Debitore del precedente poliziesco Il grande sonno di Howard Hawks del 1946, con la coppia Humphrey Bogart – Lauren Bacall, il film di Lang lo reinterpreta rimanendo fedele al proprio stile. Dave Bannion è un onesto uomo medio diventato per necessità il combattente della criminalità. Ma a differenza di Marlowe non è un eroe da romanzo, che si aggira per la metropoli oscura filosofeggiando sull’esistenza. Glenn Ford, in una delle sue migliori interpretazioni, diventa furia omicida per amore della moglie uccisa.
Come già in M, anche nei film americani The Big Heat e While the City Sleeps, Lang dipinge attraverso l’ accostamento di immagini sobrie e affettuose, legate alla normalità familiare della vita di Bannion, l’altra faccia della città corrotta e spietata che lotta contro le pulsioni del sistema malavitoso sotterraneo. La duplicità della natura umana è rappresentata dalla prostituta Debbie, il cui volto nascosto sfigurato per metà cela l’ orrore delle azioni passate di cui è stata testimone e la volontà di riscatto per amore del poliziotto Ford. La donna del boss Gloria Grahame rimarrà legata al regista anche nel successivo La bestia umana girato due anni dopo, dove vestirà di nuovo i panni incantevoli di un’ ambigua seduttrice.

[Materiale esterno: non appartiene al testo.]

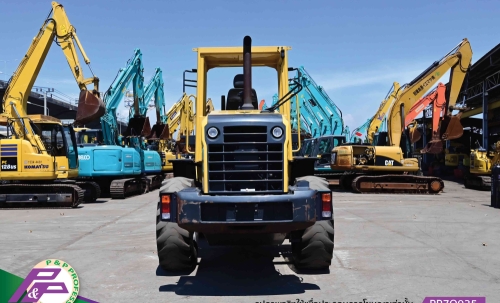 ขายรถตัก KOMATSU WA100-7รุ่นใหม่ เทียบเท่า 910K มือสองสภาพดี นำเข้าจากญี่ปุ่น โดย P&P Pro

Il metteur en scène Lang, ancora più di Murnau, ha saputo traghettare l’ esperienza espressionista degli anni Venti verso nuove prospettive, riuscendo ad imprimere la sua estetica caratteristica su qualsiasi tema gli passasse tra le mani, dai feuilleton alle leggende germaniche, passando per le storie del West fino ai romanzi commerciali e le spy story. L’ incipit del film, il suicidio del sergente corrotto mostrato con le sole inquadrature di mano e pistola, già prefigurano l’ andamento della vicenda: mostrare poco per far vedere molto, infilare il tarlo nella mente dello spettatore senza dare a vedere la crudeltà delle azioni dei suoi protagonisti, come voleva la politica della censura statunitense molto restrittiva all’ epoca.
Il titolo “The Big Heat” in gergo della malavita americana significa non solo l’ arrivo di un’estate torrida, quanto piuttosto la morsa della polizia sul crimine. Dato che l’unico a farsi condottiero della moralità pulita è un detective tagliato fuori dall’ufficialità delle istituzioni, è ipotizzabile dell’ironia? Se così fosse, il maestro Lang avrebbe dato prova ulteriore della pratica artistica da sempre perseguita, evitare la ridondanza delle dichiarazioni esplicite in favore di un più asciutto lirismo formale.